(Items from a data source)
------------

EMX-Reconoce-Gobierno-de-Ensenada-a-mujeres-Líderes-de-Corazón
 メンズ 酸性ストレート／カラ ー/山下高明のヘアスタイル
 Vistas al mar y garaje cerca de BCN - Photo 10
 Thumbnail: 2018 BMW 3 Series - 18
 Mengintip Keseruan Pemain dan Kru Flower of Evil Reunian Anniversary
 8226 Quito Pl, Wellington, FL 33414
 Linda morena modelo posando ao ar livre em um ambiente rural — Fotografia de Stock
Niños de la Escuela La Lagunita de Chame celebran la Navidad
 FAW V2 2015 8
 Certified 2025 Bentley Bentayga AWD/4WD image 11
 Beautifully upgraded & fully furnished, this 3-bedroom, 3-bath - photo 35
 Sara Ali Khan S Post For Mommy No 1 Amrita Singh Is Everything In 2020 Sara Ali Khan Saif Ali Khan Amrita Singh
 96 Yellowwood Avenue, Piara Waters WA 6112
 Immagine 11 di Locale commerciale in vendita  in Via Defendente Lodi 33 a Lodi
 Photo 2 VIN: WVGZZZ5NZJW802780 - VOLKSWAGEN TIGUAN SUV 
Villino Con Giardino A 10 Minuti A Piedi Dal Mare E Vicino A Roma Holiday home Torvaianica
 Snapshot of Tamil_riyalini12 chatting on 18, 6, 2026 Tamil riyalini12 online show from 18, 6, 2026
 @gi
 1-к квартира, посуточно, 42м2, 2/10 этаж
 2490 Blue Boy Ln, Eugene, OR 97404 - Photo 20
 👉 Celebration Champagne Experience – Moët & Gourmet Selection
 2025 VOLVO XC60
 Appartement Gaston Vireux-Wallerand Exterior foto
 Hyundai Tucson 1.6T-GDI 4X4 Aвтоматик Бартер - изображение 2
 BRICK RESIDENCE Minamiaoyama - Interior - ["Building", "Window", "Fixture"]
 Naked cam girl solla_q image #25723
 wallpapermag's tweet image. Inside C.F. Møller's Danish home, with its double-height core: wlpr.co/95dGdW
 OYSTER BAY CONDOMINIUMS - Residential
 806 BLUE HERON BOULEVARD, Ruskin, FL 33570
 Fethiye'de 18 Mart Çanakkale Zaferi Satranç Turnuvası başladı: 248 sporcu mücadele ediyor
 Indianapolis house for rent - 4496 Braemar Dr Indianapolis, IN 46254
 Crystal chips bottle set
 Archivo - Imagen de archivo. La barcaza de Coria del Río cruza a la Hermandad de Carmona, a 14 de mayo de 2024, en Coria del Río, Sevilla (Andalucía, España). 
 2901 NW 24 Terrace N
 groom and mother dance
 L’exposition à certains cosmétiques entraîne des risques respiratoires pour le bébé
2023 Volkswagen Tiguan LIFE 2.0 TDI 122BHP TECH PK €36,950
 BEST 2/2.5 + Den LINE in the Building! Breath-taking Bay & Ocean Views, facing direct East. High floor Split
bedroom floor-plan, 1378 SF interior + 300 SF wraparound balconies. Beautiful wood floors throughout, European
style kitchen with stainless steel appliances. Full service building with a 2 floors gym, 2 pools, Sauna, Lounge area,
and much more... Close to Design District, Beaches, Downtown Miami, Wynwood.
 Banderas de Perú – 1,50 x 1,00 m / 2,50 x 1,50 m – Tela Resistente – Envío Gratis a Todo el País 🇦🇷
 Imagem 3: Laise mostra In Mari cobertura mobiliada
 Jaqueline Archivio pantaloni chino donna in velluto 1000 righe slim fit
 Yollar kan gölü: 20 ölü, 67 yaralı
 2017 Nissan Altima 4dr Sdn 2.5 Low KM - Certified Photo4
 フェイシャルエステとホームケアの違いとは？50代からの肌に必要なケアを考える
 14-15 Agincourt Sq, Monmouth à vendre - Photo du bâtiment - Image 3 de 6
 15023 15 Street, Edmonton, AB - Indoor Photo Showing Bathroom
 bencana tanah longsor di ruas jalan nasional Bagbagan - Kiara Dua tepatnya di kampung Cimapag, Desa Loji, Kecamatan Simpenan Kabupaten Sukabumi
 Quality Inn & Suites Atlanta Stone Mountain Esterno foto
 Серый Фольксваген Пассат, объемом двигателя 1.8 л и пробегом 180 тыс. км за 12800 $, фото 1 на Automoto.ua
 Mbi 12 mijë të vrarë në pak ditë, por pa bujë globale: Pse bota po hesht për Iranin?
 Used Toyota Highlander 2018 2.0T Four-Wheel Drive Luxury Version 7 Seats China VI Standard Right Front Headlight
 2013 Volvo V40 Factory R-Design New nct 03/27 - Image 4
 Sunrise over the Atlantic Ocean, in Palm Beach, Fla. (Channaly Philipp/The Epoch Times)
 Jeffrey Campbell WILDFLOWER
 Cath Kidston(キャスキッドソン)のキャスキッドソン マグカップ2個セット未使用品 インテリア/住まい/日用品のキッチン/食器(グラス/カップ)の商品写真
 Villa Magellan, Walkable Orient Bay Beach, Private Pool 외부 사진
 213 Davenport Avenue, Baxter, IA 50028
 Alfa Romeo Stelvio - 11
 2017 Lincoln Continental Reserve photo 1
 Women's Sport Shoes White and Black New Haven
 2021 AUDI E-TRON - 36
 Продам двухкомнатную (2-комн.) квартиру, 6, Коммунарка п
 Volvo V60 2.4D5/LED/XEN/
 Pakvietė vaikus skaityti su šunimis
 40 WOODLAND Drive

------------

◆ **Exercise**: Copy only the stretch running from the line containing "Used Toyota Highlander" to the final line of the entries, both ends included, exactly as it stands.

◆ **Result**:
 Used Toyota Highlander 2018 2.0T Four-Wheel Drive Luxury Version 7 Seats China VI Standard Right Front Headlight
 2013 Volvo V40 Factory R-Design New nct 03/27 - Image 4
 Sunrise over the Atlantic Ocean, in Palm Beach, Fla. (Channaly Philipp/The Epoch Times)
 Jeffrey Campbell WILDFLOWER
 Cath Kidston(キャスキッドソン)のキャスキッドソン マグカップ2個セット未使用品 インテリア/住まい/日用品のキッチン/食器(グラス/カップ)の商品写真
 Villa Magellan, Walkable Orient Bay Beach, Private Pool 외부 사진
 213 Davenport Avenue, Baxter, IA 50028
 Alfa Romeo Stelvio - 11
 2017 Lincoln Continental Reserve photo 1
 Women's Sport Shoes White and Black New Haven
 2021 AUDI E-TRON - 36
 Продам двухкомнатную (2-комн.) квартиру, 6, Коммунарка п
 Volvo V60 2.4D5/LED/XEN/
 Pakvietė vaikus skaityti su šunimis
 40 WOODLAND Drive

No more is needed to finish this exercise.